Rehoming unwanted adult dogs is an extremely expensive, time consuming and labor intensive business. Also, rehoming is not always easy or successful. Many shelter dogs carry significant behavioral baggage from the lack of training in their previous home(s). Whereas most behavior temperament problems, such as anxiety, aggression, and universal fearfulness, often take months, or years, to rehabilitate.
For many unwanted shelter dogs, rehoming is simply not an option.
The time to rescue unwanted adult dogs is during puppyhood. All unwanted shelter dogs were once perfectly normal puppies. Friendly and mannerly (socialized and well-trained) puppies stay in their original homes and don’t require rehoming.
When choosing a puppy at eight weeks of age, owners must realize that all puppies are different. They may carefully choose one that is well-socialized and well trained, or they might select a “lemon” — a puppy that is already so developmentally retarded that the will be playing catch up for the rest of the dog’s life.
At eight weeks of age, all puppies should be: well-socialized, especially to children, men and strangers; eager to approach; easily handled; housetrained and chewtoy-trained; and at the very least trained to come, sit, lie down, stand and rollover.
Having chosen a puppy at eight weeks of age, owners must appreciate the enormous urgency for the puppy’s socialization and training over the next few weeks and months. There is so much to do and so little time to do it. The most pressing items on the puppy’s educational agenda are: Socialization, socialization and socialization — especially with children, men and strangers; and errorless housetraining and chewtoy-training to prevent excessive barking and separation anxiety.
Regardless of breed or breeding, owners will make or break their puppy during his first couple of weeks and months at home. With timely and appropriate education and training the puppy will survive, and thrive, to thoroughly enjoy spending his sunset years with his wonderful owners.

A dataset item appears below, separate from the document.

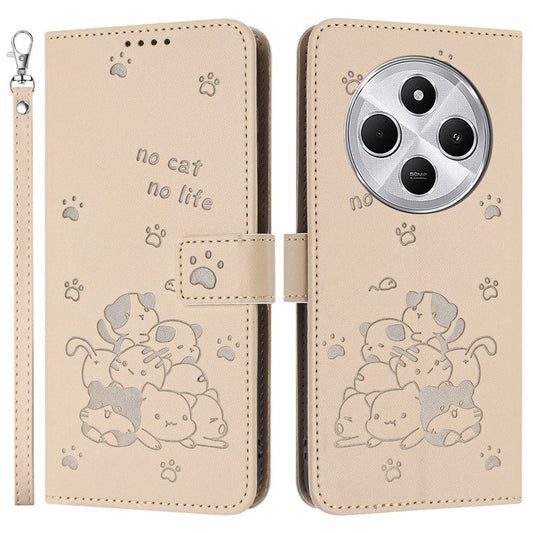 For Xiaomi Poco C75 4G / Redmi 14R 5G / 14C 4G Case with Strap Cats Imprint Leather Wallet Phone Cover - Beige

Obviously, some puppy owners will require much more guidance than that offered on dogSTARdaily.com, but a least access to dogSTARdaily will keep the puppy on the right track until the owners come under the expert tutelage of a trainer in puppy class.
Early socialization and education will not save every puppy but it will save most, keeping them in their original homes. And certainly, preventing problems during puppyhood is considerably easier and quicker and a whole lot more fun than the prospect of trying to rehabilitated and rehome an unwanted two-year-old dog that is universally fearful and snaps at strangers.
©2008 Ian Dunbar – from dogSTARTdailiy.com under the title “Unwanted Dogs”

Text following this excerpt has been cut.